> Data extracts
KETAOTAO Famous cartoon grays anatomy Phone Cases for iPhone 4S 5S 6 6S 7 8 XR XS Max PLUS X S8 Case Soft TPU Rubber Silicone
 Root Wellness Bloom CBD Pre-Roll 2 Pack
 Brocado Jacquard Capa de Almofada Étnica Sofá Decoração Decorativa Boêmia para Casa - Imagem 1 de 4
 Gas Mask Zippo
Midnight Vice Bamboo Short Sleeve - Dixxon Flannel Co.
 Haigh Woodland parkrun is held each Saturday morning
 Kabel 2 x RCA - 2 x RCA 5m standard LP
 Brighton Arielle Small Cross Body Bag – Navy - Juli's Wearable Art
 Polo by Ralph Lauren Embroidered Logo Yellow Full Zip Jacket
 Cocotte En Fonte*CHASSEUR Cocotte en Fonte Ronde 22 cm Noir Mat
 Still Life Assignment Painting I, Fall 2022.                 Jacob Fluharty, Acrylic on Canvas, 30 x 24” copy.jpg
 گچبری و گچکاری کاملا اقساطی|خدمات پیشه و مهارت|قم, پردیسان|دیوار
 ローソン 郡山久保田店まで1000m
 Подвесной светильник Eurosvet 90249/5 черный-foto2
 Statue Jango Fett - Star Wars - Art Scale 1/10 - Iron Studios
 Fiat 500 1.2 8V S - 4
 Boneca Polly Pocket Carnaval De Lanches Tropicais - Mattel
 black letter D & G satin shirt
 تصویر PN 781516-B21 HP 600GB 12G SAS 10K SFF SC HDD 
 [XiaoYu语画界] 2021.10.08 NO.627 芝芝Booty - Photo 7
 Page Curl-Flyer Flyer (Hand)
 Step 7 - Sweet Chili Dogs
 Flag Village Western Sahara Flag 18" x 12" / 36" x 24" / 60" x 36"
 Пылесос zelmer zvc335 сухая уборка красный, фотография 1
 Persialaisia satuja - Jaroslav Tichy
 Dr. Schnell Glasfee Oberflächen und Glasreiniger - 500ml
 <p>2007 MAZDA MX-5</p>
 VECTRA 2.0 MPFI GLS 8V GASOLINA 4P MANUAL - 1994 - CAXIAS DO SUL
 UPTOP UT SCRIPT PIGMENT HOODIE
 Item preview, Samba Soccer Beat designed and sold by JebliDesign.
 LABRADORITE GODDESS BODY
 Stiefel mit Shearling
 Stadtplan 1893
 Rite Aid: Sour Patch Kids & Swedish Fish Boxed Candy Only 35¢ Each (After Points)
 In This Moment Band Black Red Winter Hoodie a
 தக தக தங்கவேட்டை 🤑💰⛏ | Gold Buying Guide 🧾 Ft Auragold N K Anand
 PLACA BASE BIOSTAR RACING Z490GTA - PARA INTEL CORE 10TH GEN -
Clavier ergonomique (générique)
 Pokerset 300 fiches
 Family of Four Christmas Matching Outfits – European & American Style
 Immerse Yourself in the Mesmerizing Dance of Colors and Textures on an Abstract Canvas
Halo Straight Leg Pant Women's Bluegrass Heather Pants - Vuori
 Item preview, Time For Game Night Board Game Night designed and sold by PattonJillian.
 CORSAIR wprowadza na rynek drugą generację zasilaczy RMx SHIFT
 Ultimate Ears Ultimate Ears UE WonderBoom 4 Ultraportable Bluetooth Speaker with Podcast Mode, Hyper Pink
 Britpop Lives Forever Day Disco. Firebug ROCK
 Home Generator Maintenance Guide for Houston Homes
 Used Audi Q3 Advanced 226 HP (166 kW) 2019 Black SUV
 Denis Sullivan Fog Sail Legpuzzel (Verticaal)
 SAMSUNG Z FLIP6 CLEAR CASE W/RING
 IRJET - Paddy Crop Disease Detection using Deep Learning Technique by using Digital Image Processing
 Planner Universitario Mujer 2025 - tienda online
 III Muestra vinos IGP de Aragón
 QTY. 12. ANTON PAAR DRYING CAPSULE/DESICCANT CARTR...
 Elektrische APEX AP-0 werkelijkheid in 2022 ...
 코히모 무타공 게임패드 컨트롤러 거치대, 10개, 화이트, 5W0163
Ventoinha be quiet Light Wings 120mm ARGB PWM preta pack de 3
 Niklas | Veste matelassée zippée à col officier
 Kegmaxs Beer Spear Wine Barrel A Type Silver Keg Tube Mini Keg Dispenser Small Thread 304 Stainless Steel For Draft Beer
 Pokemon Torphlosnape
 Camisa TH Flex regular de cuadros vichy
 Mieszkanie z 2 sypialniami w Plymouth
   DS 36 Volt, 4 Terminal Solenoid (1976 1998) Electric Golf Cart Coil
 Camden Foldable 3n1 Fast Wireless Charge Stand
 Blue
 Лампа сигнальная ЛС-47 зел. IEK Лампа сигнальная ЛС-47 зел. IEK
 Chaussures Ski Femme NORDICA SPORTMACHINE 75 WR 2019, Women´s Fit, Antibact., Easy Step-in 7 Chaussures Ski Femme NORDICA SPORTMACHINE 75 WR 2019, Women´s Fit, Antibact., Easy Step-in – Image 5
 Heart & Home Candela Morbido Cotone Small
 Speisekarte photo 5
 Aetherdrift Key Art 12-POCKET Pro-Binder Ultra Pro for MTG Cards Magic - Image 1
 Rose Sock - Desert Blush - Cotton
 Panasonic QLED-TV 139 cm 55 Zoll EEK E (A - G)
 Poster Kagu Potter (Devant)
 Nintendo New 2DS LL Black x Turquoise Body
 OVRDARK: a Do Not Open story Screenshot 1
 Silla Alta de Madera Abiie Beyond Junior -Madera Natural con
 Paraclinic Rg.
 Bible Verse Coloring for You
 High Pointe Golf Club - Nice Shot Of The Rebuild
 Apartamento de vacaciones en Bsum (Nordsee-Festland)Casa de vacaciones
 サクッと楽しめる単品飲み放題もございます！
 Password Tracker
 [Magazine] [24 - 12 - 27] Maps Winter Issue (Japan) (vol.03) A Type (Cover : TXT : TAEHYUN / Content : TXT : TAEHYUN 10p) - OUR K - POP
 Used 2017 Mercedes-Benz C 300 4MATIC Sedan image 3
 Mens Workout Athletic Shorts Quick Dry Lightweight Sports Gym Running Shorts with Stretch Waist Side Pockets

> Aim of the task
When you reach the line containing "Camden Foldable 3n1" in the data above, start copying exactly, and stop after the line containing "Bible Verse Coloring for You".

> Task answer
 Camden Foldable 3n1 Fast Wireless Charge Stand
 Blue
 Лампа сигнальная ЛС-47 зел. IEK Лампа сигнальная ЛС-47 зел. IEK
 Chaussures Ski Femme NORDICA SPORTMACHINE 75 WR 2019, Women´s Fit, Antibact., Easy Step-in 7 Chaussures Ski Femme NORDICA SPORTMACHINE 75 WR 2019, Women´s Fit, Antibact., Easy Step-in – Image 5
 Heart & Home Candela Morbido Cotone Small
 Speisekarte photo 5
 Aetherdrift Key Art 12-POCKET Pro-Binder Ultra Pro for MTG Cards Magic - Image 1
 Rose Sock - Desert Blush - Cotton
 Panasonic QLED-TV 139 cm 55 Zoll EEK E (A - G)
 Poster Kagu Potter (Devant)
 Nintendo New 2DS LL Black x Turquoise Body
 OVRDARK: a Do Not Open story Screenshot 1
 Silla Alta de Madera Abiie Beyond Junior -Madera Natural con
 Paraclinic Rg.
 Bible Verse Coloring for You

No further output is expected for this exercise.